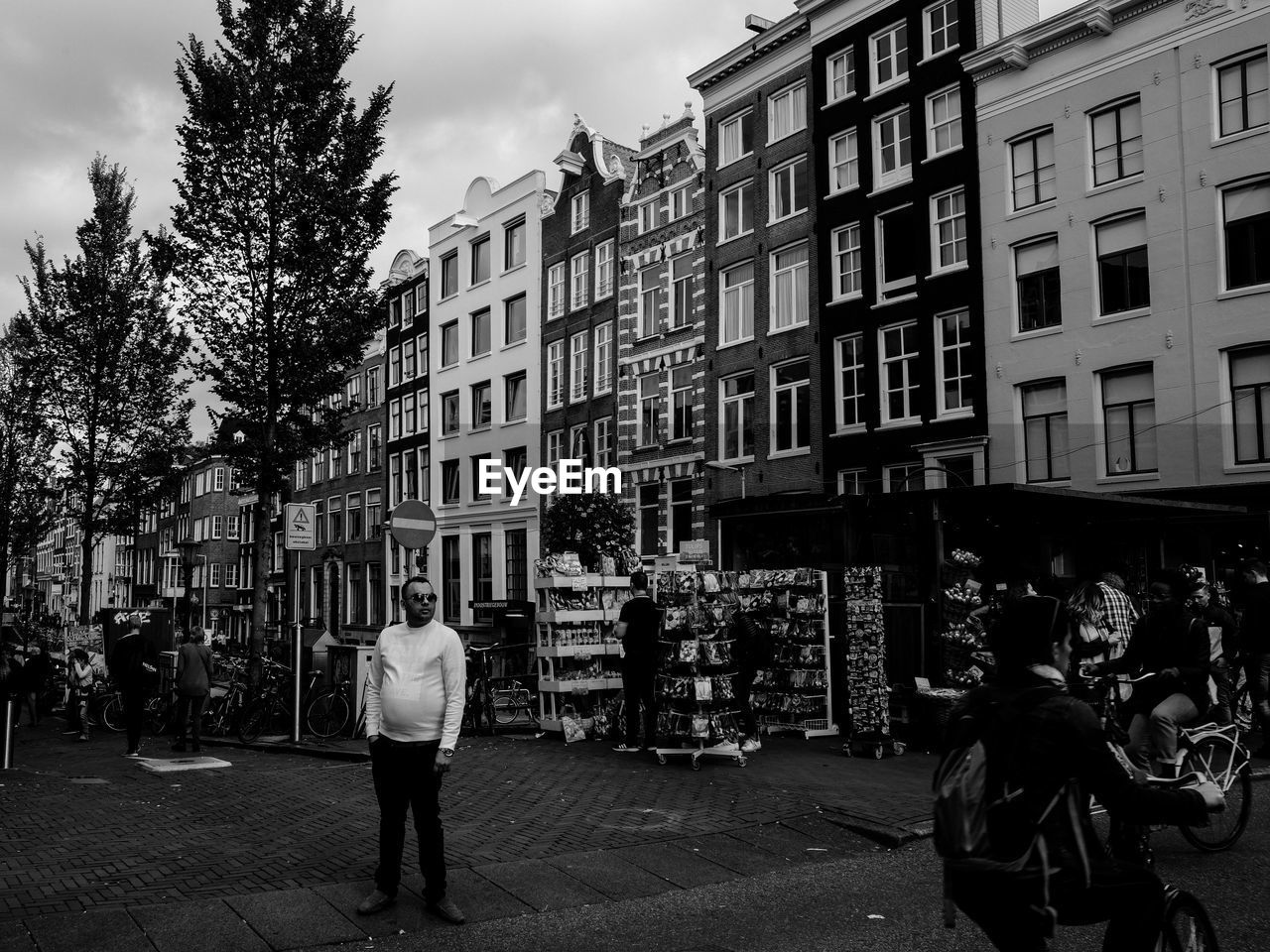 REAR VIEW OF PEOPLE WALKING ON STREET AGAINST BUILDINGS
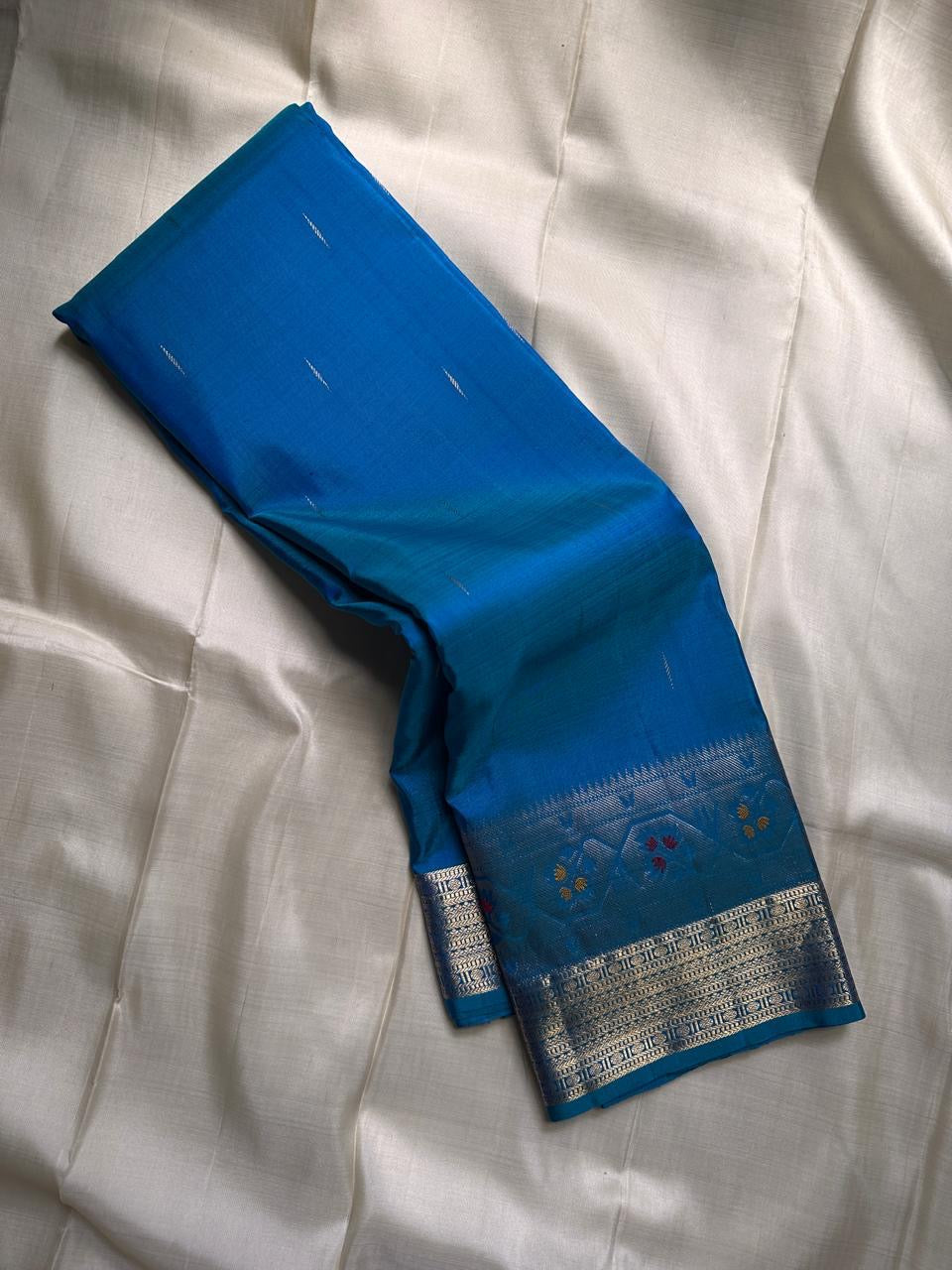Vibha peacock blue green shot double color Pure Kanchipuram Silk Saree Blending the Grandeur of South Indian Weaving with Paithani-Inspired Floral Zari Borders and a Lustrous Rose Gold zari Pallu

--

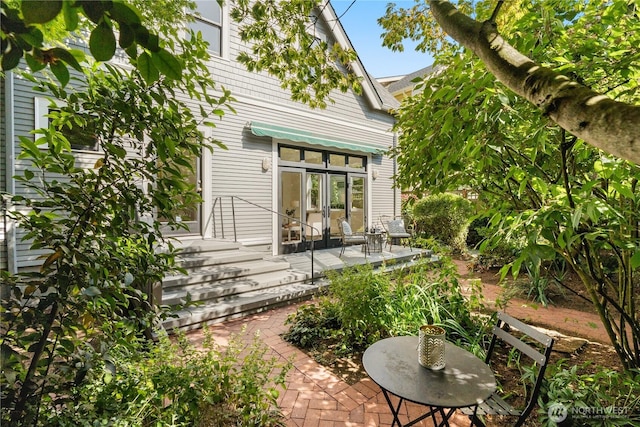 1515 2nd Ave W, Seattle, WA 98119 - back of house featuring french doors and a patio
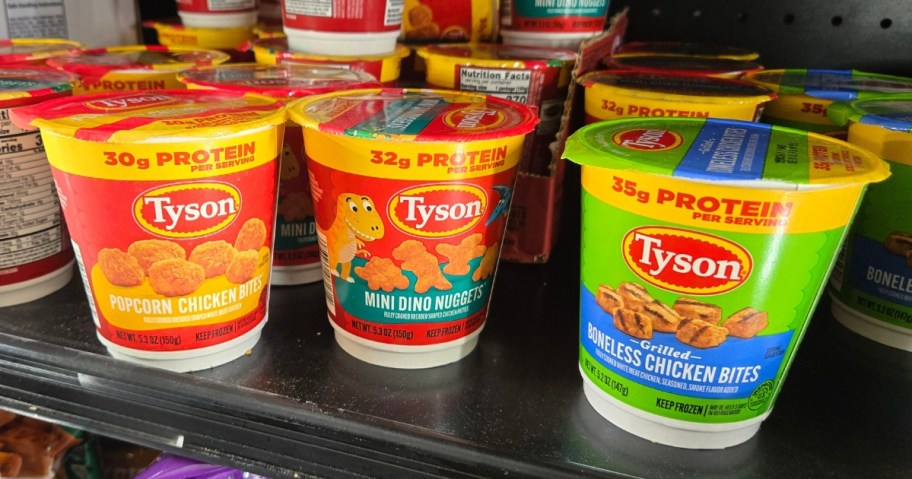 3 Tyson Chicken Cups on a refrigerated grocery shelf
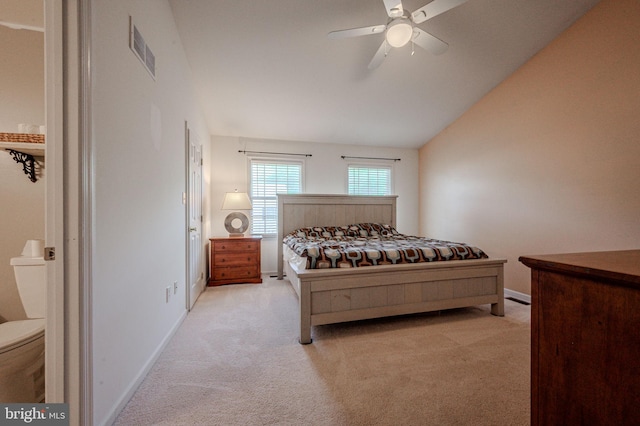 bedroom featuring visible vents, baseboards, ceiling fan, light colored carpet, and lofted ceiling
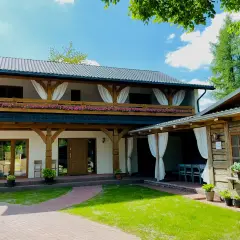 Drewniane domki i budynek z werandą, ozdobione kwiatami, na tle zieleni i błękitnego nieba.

* * *

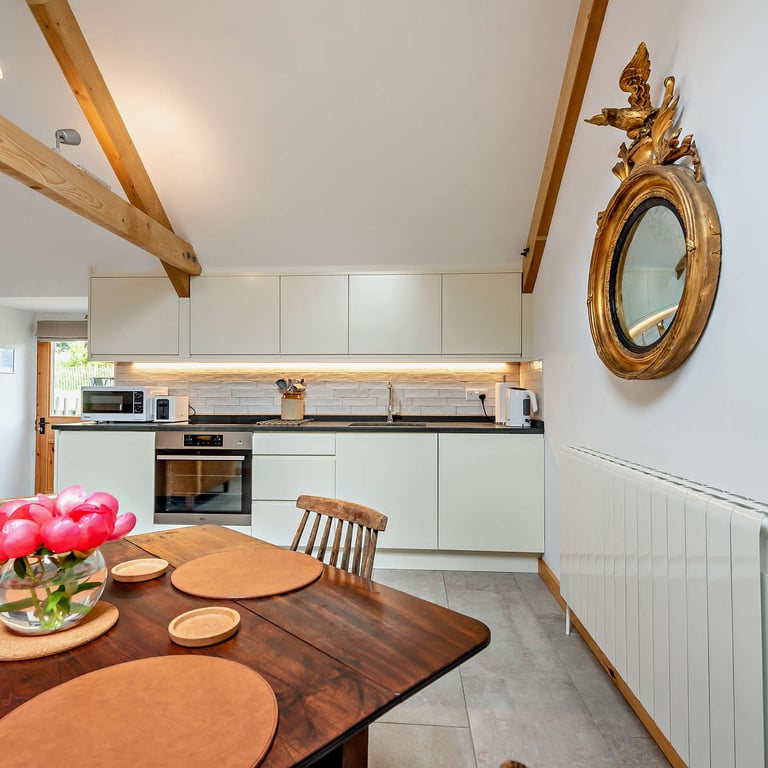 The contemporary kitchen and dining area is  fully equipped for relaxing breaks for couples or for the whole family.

= Task requirements =
Copy the lines above between the one holding "REAR VIEW OF" and the one holding "Vibha peacock blue", inclusive. Drop the pictures.

= Solved exercise =
 REAR VIEW OF PEOPLE WALKING ON STREET AGAINST BUILDINGS
Vibha peacock blue green shot double color Pure Kanchipuram Silk Saree Blending the Grandeur of South Indian Weaving with Paithani-Inspired Floral Zari Borders and a Lustrous Rose Gold zari Pallu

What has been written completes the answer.